It’s out of control, folks.
Someone asked me last week what’s the single biggest problem I see over and over with submissions to Coverage, Ink? My reply didn’t take much thought: “%#$@&*!^& ensemble scripts.”
Allow me to clarify. See, this is what happens: a writer begins a script with a good idea of the story he wants to tell. But something happens along the way. As the writer crafts the story, he explores the secondary characters—winds up giving the secondary characters a subplot. Before you know it, the secondary characters are competing for screen time with the hero. At some point, the writer realizes this. But instead of going back and fixing the problem, he rationalizes, “Well, hey, it’s an ensemble.” Next thing you know, we have four or five or more main characters, each with their own storyline, all competing for screen time. Reader disinterest is the inevitable result.
Let me make this as clear as I can: when it comes to ensembles, DON’T DO IT. There are only a small handful of these films that ever get made, and they’re generally done by auteurs such as Altman. Does Hollywood ever make them? Very, very rarely, and hardly ever do they sell as a spec.

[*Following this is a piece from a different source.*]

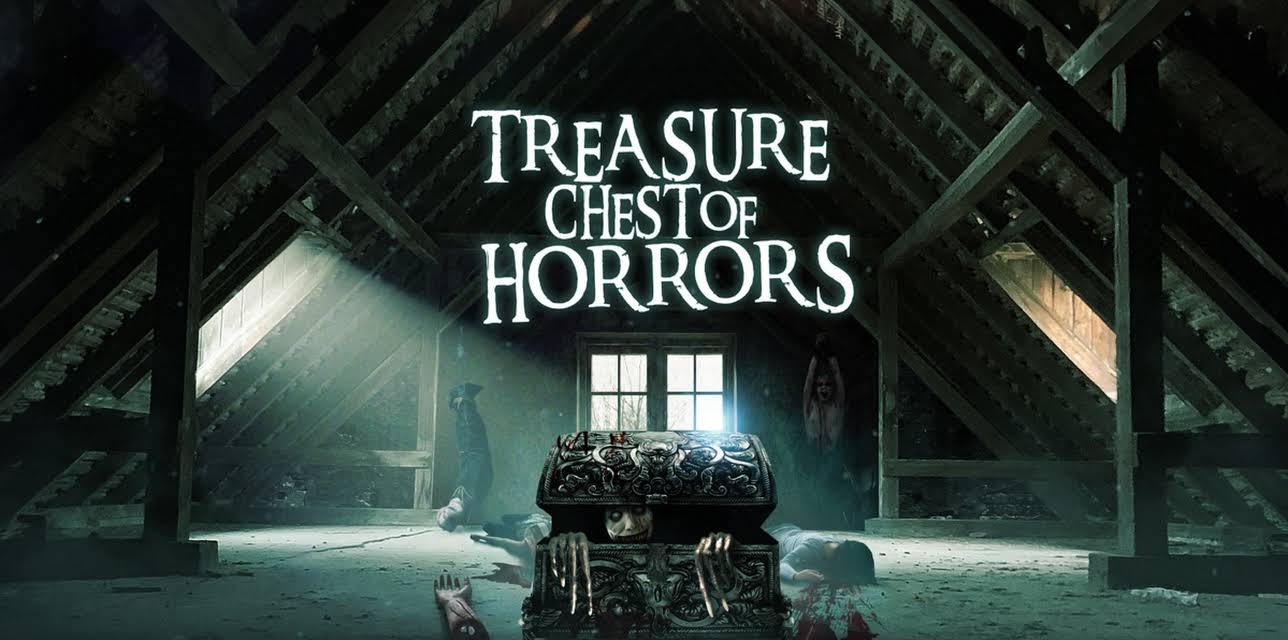 Treasure Chest Of Horrors (2012)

Part of the problem is it’s such a difficult balancing act to pull off. It’s far easier to follow one protagonist’s story scene after scene, than it is to juggle a handful of major characters, any one of whom could be considered the protagonist.
I learned this, as I learn everything, the hard way. Some years back I wrote an action ensemble script on assignment. The idea was to make “The Dirty Dozen” using the top 8 low-budget action stars at the time—all together in the same movie. So I wrote “Hauser’s Renegades,” a fun, sprawling caper action/ensemble film. And it was a nightmare to write.
The problem was that Hauser was very much the hero, but all of the other parts had to be significant enough to get the other stars--all “names” in their own right--to commit. It was the balancing act from Hades. I finally pulled it off after much much, hair-pulling and rewriting. And that was an action film, with a very standard track-down-the-bad-guy A-leads-to-B-leads-to-C plot. If I was to try the same approach in, say, a dramatic script, forget it. I know that quite honestly, I could not pull it off.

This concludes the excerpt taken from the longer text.